Alternatif yang ditawarkan oleh Oci untuk mewadahi ada dua, yaitu perseroan dan yayasan. Perseroan, dikatakan lebih berorientasi profit dan lebih leluasa. Sedangkan Yayasan, berorientasi lebih ke sosial, karena lingkupnya dibatasi hanya pada sosial, pendidikan dan keagamaan saja. Juga dijelaskan oleh Oci, bahwa salah satu usulan untuk mewadahi dalam bentuk koperasi, selain lebih panjang prosedurnya juga akan membutuhkan biaya lebih besar.

Setelah diskusi dan tanya-jawab cukup lama, diputuskan untuk membentuk suatu yayasan yang namanya masih akan dicari, dengan batas waktu hari Rabu, tanggl 9 Februari 2008. Secara aklamasi disepakati oleh yang hadir, Ketua yayasan adalah dr.

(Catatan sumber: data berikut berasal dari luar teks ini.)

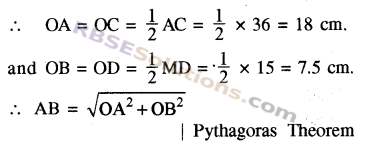 RBSE Solutions for Class 8 Maths Chapter 14 Area Additional Questions img-10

Ichsan (Ichan – 33). Sekretaris dan Bendahara yayasan masing-masing oleh Galuh Sayemprobo (31) dan Iwan Anis (31). Pendiri yayasan terdiri dari 19 orang yang ada di daftar hadir, dengan kekayaan yang disisihkan sebesar 10 juta rupiah.
Selamat kepada para pengurus yang baru diangkat, kepada mereka tugas untuk mendirikan yayasan ini akan digantungkan.

1. Usulan nama yayasan ditunggu oleh Galuh sampai Rabu, 9 Fabruari 2008.

2. Setelah mendapat nama (sebaiknya dengan alternatifnya) akan diserahkan kepada Oci untuk dapat dibuatkan aktanya. Biaya pembuatan akta merupakan sumbangan dari Oci. Terima kasih Oci, semoga amal salehnya menjadi amal jariah yang mendapat ganjaran berlipat ganda.

3. Setelah selesai, akta dari Oci akan diserahkan kepada pengurus untuk dibuatkan surat keterangan domisili dan NPWP. Atas kebaikan Galuh, domisili yayasan numpang di Kayu Putih (?), Kelapa Gading. Terima kasih Galuh, semoga amal salehnya menjadi amal jariah yang mendapat ganjaran berlipat ganda. Biaya surat keterangan domisili dan NPWP ditanggung oleh yayasan.

4. Surat keterangan domisili dan NPWP akan diserahkan kembali kepada Oci untuk dimintakan pengesahan DepHukHAM yang nantinya akan menjadikan yayasan ini resmi berdiri.

5. Dengan resminya yayasan berdiri, maka yayasan akan membuka rekening di bank (satu atau lebih), salah satunya Bank Mandiri, dimana Iwan Anis bekerja. Terima kasih Iwan, semoga amal shalehnya diganjar berlipat ganda.

Mudah-mudahan segala upaya kita ini menjadi amal shaleh sebagai tabungan kita semua kelak di hari kemudian. Amin.